Throughout this section, adverse reactions are presented. Adverse reactions are adverse events that were considered to be reasonably associated with the use of fentanyl based on the comprehensive assessment of the available adverse event information. A causal relationship with fentanyl cannot be reliably established in individual cases. Further, because clinical trials are conducted under widely varying conditions, adverse reaction rates observed in the clinical trials of a drug cannot be directly compared to rates in the clinical trials of another drug and may not reflect the rates observed in clinical practice.

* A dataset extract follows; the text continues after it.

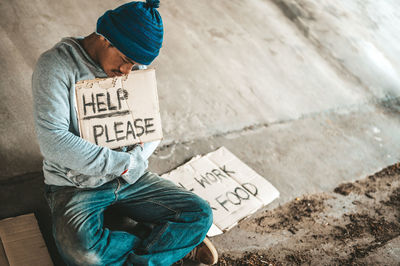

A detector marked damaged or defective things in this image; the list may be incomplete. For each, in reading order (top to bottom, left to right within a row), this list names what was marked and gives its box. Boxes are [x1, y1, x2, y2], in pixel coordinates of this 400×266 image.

torn cardboard edge [75, 68, 162, 150]
torn cardboard edge [161, 147, 280, 236]
torn cardboard edge [0, 214, 52, 266]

Clinical trial data: The safety of DUROGESIC was evaluated in 216 subjects who participated in a multicenter, double-blind, randomized, placebo-controlled clinical trial (FEN-EMA-1) of DUROGESIC. These subjects took at least one dose of DUROGESIC and provided safety data. This trial examined patients over 40 years of age with severe pain induced by osteoarthritis of the hip or knee and who were in need of and waiting for joint replacement. Patients were treated for 6 weeks with DUROGESIC by titrating to adequate pain control starting from 25 mcg/h to a maximum dose of 100 mcg/h in 25 mcg/h increments. Adverse reactions reported for ≥1% of DUROGESIC-treated subjects and with an incidence greater than placebo-treated subjects are shown in Table 6.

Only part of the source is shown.